▶ EXERCISE INSTRUCTIONS
Starting at the line that holds "2023 Nouveau produit" and stopping at the line that holds "Asian stock markets", restate the records below word for word, with both of those lines included.

▶ PROVIDED RECORDS
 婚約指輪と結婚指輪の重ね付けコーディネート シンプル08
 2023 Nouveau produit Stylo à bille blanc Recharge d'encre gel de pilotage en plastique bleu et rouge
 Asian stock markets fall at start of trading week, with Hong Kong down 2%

---

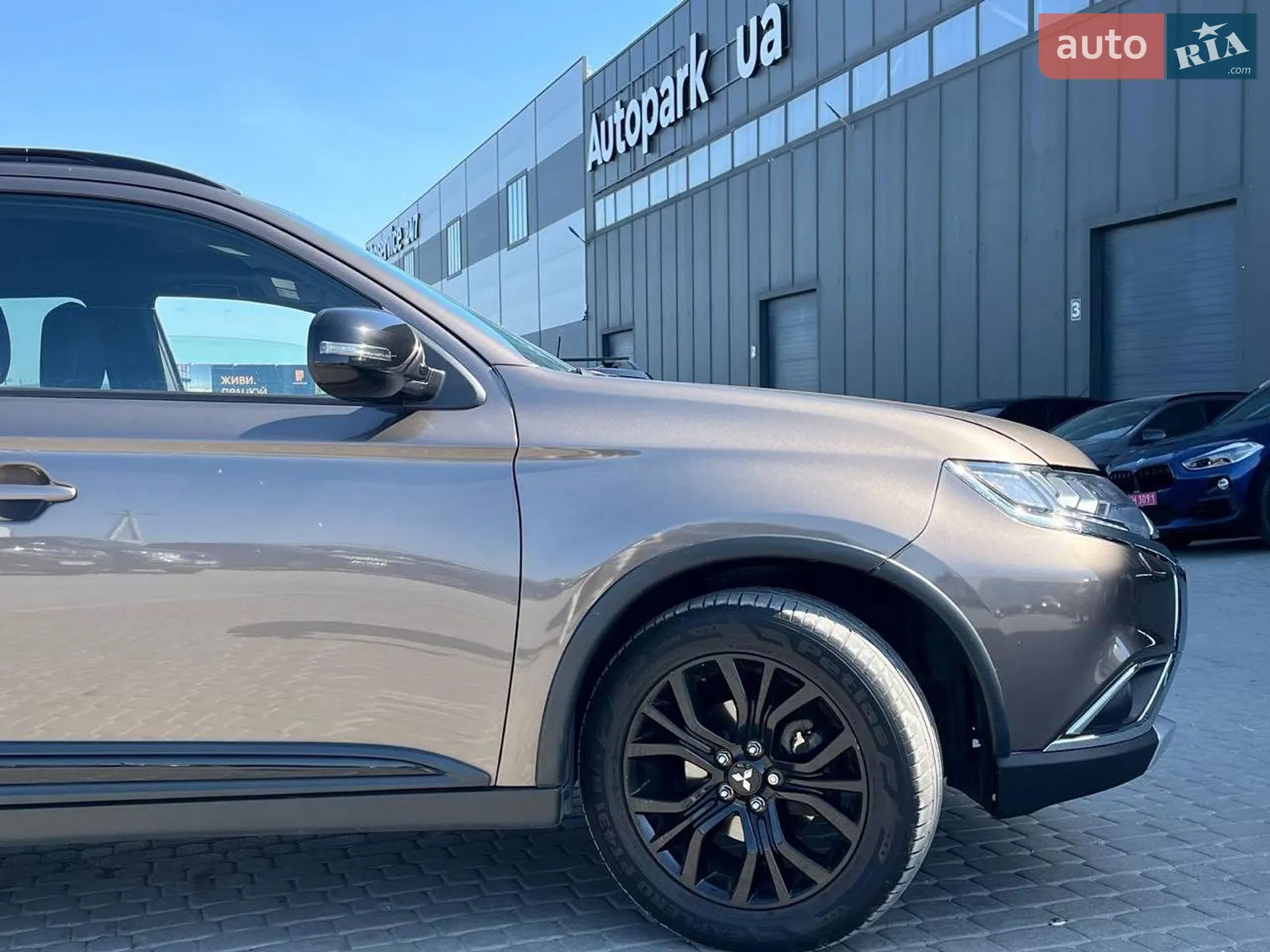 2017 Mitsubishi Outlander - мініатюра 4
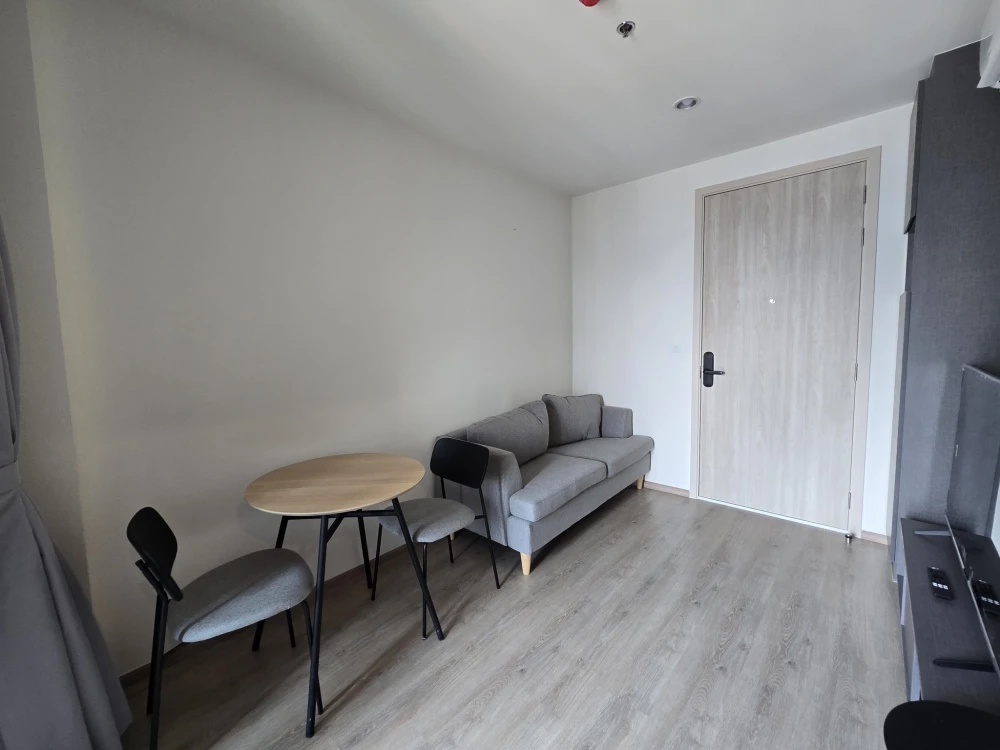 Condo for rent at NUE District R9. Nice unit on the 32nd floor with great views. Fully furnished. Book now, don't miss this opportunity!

▶ RESULT FOR THIS EXERCISE
 2023 Nouveau produit Stylo à bille blanc Recharge d'encre gel de pilotage en plastique bleu et rouge
 Asian stock markets fall at start of trading week, with Hong Kong down 2%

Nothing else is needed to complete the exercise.